En raison de la mystique entourant les anciennes pipes Dunhill, il est nécessaire d'explorer les faits derrière le "mythe". Ceci, cher lecteur, est le but de cet article.

Regardons un peu d'histoire à propos de la pipe Dunhill - de ses débuts à la production de nos jours. Alfred Dunhill était un bonhomme plutôt inventif, ayant mené une entreprise de fabrication de harnais à l'âge de la voiture en la transformant en fabrique d'accessoires pour l'automobile, et puis en travaillant en tant que "consultant en matière de brevets". Quand il ouvrit un bureau de tabac en 1907, il ne savait rien de plus que l'ordinaire des pipes, du tabac, et de l'art de le mélanger. Son esprit curieux l'incita à écouter les souhaits de ses clients et à essayer alors différentes méthodes pour les satisfaire. Au début de 1910, Dunhill était prêt à offrir sa propre marque de pipes comme alternative à celles provenant de France, qui étaient fortement vernies, ce qui obstruait les pores de la bruyère. Ces premières pipes étaient de deux conceptions internes distinctes: une suivait la conception française, qui est la conception standard actuelle, sans filtre; l'autre, la pipe "absorbal", utilisait un filtre circulaire en cellulose qui était poussé dans la tige de la pie, creusée à cet effet. Il est intéressant de noter ici que ces premières pipes de Dunhill, ainsi que toutes les pipes Dunhill faites jusqu'en 1919, avaient des têtes tournées en France, et étaient alors finies à Londres par la société Dunhill.

En 1912, Dunhill inventa et fit breveter le "inner tube", une insertion en aluminium conçue pour garder propre l'intérieur de la pipe; en 1915, "le point blanc" apparut pour aider le client à reconnaître le côté supérieur du tuyau d'ébonite fait à la main; 1917 vit l'introduction de la première Dunhill sablée - la "shell".

En produisant la "shell", Dunhill employa seulement de la bruyère algérienne, alors très abondante, parce qu'elle avait un caractère plus tendre que la bruyère italienne utilisée dans la finition lisse des "bruyère". Ce caractère tendre, en combinaison avec la chaleur dérivée du traitement propre à Dunhill, le procédé du oil curing, produisit une pipe sablée exceptionnellement profonde et rocailleuse.

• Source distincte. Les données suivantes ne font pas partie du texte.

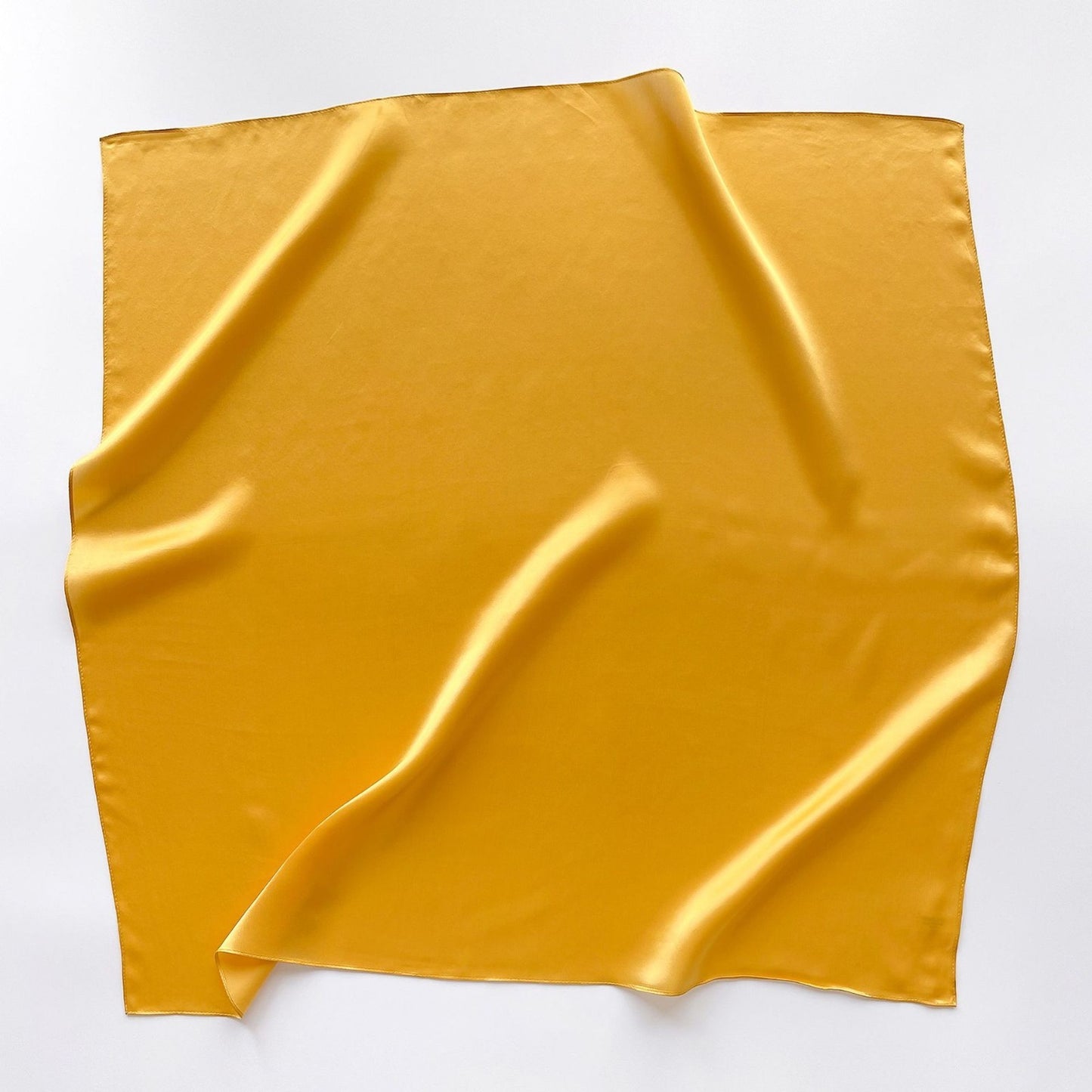 2pc Silk Feel Square Scarf Set 27x27in Black Yellow Satin Hair Wrap Neckerchief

Pendant les premières années de production, Dunhill ne marqua même pas les numéros de forme sur ses pipes "shell", puisque la forme des têtes, pourtant tournées à l'identique, changeait tellement après traitement et sablage.

La "root briar" de Dunhill fut présentée en 1930 (à cette époque, Alfred Dunhill était à la retraite depuis deux ans, et son frère Herbert avait la charge des affaires) et la finition brun clair s'avéra très populaire en Amérique, et moins en Europe. Ensuite, environ vingt-trois ans plus tard, vint la "tanshell", une bruyère sarde sablée avec une finition de brun clair ou de brun. Cela prit vingt-six années supplémentaires avant qu'une autre finition - la "cumberland" - n'apparaisse. La cumberland est également sablée, a une finition brun foncé, un dessus légèrement biseauté, et un tuyau en ébonite bicolore (ce même tuyau apparut la première fois en 1930 sur la "root briar").

Comme je l'ai mentionné précédemment, aucune pipe Dunhill n'a été complètement façonnée en Angleterre jusqu'en 1920, lorsqu'une section de tournage de têtes fut ouverte dans l'usine de Londres. Avant cela, les têtes de pipes, tournées mais non finies, étaient importées de France puis finies, traitées à l'huile et, dans le cas des "shell", sablées à Londres.

La situation de la bruyère doit être étudiée, pour comparer la nouvelle pipe de Dunhill à l'ancienne, car il y a eu des changements. À l'origine, de la bruyère italienne avait été employée pour la "bruyère" et la "root", de l'algérienne pour la "shell", et de la sarde pour la "tanshell". L'âge de la bruyère employée fut ramené à une moyenne entre 60 et 100 ans. Dans les années 60, la situation de la bruyère changea drastiquement. L'approvisionnement algérien se réduisit à un filet, et le gouvernement italien déclara que sa bruyère pourrait seulement être employée par des fabricants de pipes dans ses frontières. Jusqu'alors, Dunhill avait eu un monopole virtuel sur l'approvisionnement en bruyère; dès lors, il dut rechercher de nouvelles sources et ne put plus se réserver un type de bruyère pour une finition de pipe.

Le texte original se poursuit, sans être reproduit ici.